Les États-Unis réagissent à la possible signature d’un accord de libre-échange entre le Nicaragua et la Chine

Le gouvernement des États-Unis a réagi ce jeudi à l’annonce du Nicaragua selon laquelle une situation qui pourrait menacer les relations économiques entre Managua et Washington.

Dans des déclarations au un porte-parole du Département d’État a apprécié la liberté des pays de « conclure des accords entre eux », mais a indiqué que « sans le mandat qui mène à des élections justes et libres », les actions du gouvernement sandiniste « ne reflètent pas la volonté du peuple ».

« Les États-Unis n’obligent pas les pays à choisir entre les États-Unis et la République populaire de Chine.

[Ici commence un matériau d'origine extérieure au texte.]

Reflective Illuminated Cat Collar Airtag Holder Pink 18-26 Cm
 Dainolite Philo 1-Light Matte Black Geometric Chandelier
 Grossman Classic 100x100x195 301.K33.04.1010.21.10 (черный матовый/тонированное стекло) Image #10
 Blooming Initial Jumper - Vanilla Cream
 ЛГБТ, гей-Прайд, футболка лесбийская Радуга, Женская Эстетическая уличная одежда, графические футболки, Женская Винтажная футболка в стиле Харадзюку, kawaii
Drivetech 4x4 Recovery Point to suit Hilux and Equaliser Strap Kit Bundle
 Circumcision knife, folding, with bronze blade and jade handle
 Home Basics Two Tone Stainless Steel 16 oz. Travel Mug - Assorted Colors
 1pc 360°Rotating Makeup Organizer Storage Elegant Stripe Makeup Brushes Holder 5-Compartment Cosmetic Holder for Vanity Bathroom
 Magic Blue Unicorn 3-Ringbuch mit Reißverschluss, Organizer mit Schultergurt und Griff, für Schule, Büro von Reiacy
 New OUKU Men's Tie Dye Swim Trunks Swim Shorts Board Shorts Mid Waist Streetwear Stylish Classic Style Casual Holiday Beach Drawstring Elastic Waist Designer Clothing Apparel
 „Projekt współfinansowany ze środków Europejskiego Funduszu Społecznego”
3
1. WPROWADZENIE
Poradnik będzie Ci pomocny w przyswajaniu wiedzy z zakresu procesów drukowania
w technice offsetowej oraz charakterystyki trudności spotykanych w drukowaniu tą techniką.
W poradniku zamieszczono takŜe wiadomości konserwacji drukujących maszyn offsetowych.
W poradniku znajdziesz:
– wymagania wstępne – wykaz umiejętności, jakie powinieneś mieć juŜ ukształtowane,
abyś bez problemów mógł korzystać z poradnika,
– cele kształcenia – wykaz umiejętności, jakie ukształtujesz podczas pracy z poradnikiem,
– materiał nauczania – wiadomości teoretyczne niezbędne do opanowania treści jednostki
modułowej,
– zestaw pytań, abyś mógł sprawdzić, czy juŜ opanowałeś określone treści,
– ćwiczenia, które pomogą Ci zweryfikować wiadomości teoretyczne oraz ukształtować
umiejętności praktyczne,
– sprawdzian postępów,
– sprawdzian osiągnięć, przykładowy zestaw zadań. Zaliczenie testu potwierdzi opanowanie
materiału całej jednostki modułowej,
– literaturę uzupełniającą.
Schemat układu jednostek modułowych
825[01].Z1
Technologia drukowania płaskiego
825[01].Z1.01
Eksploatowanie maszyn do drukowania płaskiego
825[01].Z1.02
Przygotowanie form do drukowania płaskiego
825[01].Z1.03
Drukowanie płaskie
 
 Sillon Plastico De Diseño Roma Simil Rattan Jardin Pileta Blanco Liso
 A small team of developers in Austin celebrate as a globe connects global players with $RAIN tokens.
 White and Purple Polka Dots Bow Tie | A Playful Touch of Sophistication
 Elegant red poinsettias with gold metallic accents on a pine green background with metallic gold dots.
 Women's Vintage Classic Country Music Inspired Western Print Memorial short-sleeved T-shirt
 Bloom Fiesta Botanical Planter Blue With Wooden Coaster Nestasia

Nous savons que de nombreux pays, dont les États-Unis, ont des liens économiques ou interpersonnels vitaux avec la Chine qu’ils souhaitent préserver », a déclaré le porte-parole. .

Le Nicaragua et les États-Unis maintiennent un accord de libre-échange, DR-CAFTA, depuis 2006, mais Washington envisage de bloquer une partie des importations de Managua car comme le rapporte le la semaine dernière citant diverses sources du gouvernement américain.

Selon le responsable, Washington offre une relation commerciale qui fonctionne au profit des intérêts mutuels, qui est renforcée par « l’engagement commun pour la défense de l’ordre international fondé sur des règles, la gouvernance démocratique et le respect des droits de l’homme ».

Au cours du week-end, Ortega a critiqué ceux qui « ont demandé aux ‘Yankees’ de détruire les relations économiques avec le Nicaragua », sans faire allusion aux délibérations internes qui auraient lieu à la Maison Blanche sur l’avenir de ses relations commerciales avec le Nicaragua. pays américain.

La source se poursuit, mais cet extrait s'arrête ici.